Twitter thread from Benedict Evans. https://twitter.com/benedictevans/status/1098047158593277952
When a machine learning system mistakenly diagnoses an imminent failure in a hydroelectric generator because the manufacturers of the telemetric sensors constituted an unrecognised skew in the training data … this is a real world case of ‘AI bias’.
AI bias’ is a data and statistics problem. You make a machine learning system that can tell X from Y by giving it lots of examples of X and of Y. But your example sets also necessarily contain ABCDE. You might not notice D, and it might skew what the machine sees as the examples.
Hence the famous system that was great at spotting sheep, until it was given a grassy hill and said ‘sheep’. Guess what was in all the examples of ‘sheep’? The system doesn’t know what sheep are – it just looked at the examples, and the hills were more noticeable than the sheep.

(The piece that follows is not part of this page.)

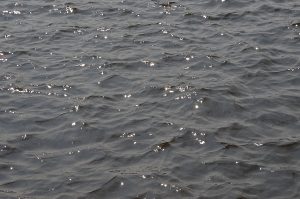 День океанов отметили в ДДТ «На Таганке». Фото: Анна Быкова, «Вечерняя Москва»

There are obvious cases where this problem could apply to human diversity in bad ways – ‘why exactly are you denying that person a credit card? What *exactly* is in the training examples?’ That’s a subset of the fundamental technical challenge:
Those ABCDE variables might relate to human diversity – or fluorescent versus incandescent light, or the chips used by different camera manufacturers. Meanwhile, X and Y might not be about people at all – you might be looking for natural gas leaks.
That is, this is a tool that finds patterns in data. The data might be biased by containing things you don’t realise. If it’s data about people, this bias will be about people. if it’s data about gas pipelines, the bias will be about gas pipelines.
Finally, of course, *human* analysis of both gas pipelines and people is biased, in all sorts of hidden ways. Try not to get a parole hearing in the last slot before lunch.